We left San Francisco this morning and headed back to Sonoma in search of Norm's great-uncle Tom Gidney and we found him, well we found his grave site. Also, we couldn't resist a couple more wineries since we were back in the area. Wow, Mondavi's is really high end, sculptures (note the Welcoming Muse -- how one might be after a few glasses of wine :), paintings, tours (most don't do tours, Norm figures once you taste the wine you'll buy, tours just aren't needed to get you in the wineries any more). Since we have more than our limit of wine already, we only walked about taking in the classy atmosphere. We drove to St. Helena for a walkabout and snack and on to one more winery Norm remembered from 30+ years before -- Charles Krug, part of the Mondavi empire. Another brother, Peter M., broke off from the Mondavis and his sons still run this one. That was goodbye to wine country, and we headed north through winding roads and rolling hills to connect with I-5. And here we are in Yreka, California. Not high on your travel itinerary but it is known as the county's oldest settlement and the busiest stage stop in California back in 1857. Yes, they had a gold rush back then. Can't think of any other reason to come here.

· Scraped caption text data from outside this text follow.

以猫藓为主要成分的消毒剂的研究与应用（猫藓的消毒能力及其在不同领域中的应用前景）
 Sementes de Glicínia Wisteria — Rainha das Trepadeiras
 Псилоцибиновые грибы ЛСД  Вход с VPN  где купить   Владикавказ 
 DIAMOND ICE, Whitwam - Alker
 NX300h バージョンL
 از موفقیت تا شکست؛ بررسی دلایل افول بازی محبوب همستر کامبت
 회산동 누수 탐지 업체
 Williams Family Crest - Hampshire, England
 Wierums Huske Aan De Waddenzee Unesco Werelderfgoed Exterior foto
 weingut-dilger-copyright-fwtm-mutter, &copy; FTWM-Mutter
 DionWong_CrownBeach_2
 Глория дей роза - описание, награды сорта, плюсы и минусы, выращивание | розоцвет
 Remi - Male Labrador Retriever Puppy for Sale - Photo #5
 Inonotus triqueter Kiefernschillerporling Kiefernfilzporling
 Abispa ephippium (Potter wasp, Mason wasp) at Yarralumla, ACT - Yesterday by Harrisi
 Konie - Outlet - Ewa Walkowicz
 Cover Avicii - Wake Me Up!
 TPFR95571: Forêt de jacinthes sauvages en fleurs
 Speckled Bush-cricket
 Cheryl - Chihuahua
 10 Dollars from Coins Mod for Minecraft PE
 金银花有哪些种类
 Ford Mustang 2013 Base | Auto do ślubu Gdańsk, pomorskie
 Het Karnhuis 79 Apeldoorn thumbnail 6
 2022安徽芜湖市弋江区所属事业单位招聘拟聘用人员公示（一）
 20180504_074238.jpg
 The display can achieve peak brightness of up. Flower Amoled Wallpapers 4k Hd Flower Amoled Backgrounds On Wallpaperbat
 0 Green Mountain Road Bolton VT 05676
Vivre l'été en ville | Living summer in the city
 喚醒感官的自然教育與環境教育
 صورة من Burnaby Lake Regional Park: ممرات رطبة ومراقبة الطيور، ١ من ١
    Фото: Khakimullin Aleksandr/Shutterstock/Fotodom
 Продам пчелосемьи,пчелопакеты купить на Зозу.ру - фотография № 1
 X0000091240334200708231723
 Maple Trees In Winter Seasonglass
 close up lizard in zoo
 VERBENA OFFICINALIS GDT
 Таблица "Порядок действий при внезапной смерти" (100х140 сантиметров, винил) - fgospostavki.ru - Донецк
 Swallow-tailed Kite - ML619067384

Norman writes: We had to stop at Vista Point for a last look at the Golden Gate bridge (designed by Joseph Strauss, same engineer behind the Blue Bridge in Victoria) and the look back at the city, even on a crappy gray day, is striking. Look down at the rock wall around the lookout, and the scene is less lovely. Somebody started the custom of autographing the stones -- here's "Steph + Pablo 4-ever" felt-penned onto the rock. How lovely for the couple. Wonder if they're still together? If you plan to do this yourself, hurry, not many spaces are left on the stones.
Breakfast was in Sonoma, then a visit to Mountain Cemetery, where one of my relatives is buried. He's Thomas W. Gidney, my grandmother's brother, who lived down here for about 50 years, and died in 1965, aged 87, a retired real estate salesman whose last address was in Healdsburg, farther north in the Sonoma Valley. I guess there wasn't much of an estate left: his "headstone" is a small bronze plaque on a rod stuck in the ground, beside two other guys who died the same year and were buried from the same funeral home. It's a long way from London, via army service on the Northwest Frontier in India with the Gordon Highlanders in the late-1890s, to this plain hillside cemetery where he lies with other Californians of Italian and Spanish and Irish origins. He visited us once up in Canada and I have vague memories of him and his car with the running board. Or maybe it's just the old snapshot I remember. And the fact he lived for a time in Joshua Tree, Calif., out in the desert east of Los Angeles. His English wife had died a couple of years before him in Santa Monica, and there's a note on one of those geneaological websites that she sewed for Queen Victoria as a young woman. No one in the family knows if it's true, and we don't have an old pair of the royal bloomers to prove it. More research to come and it means another trip to California, wonderful.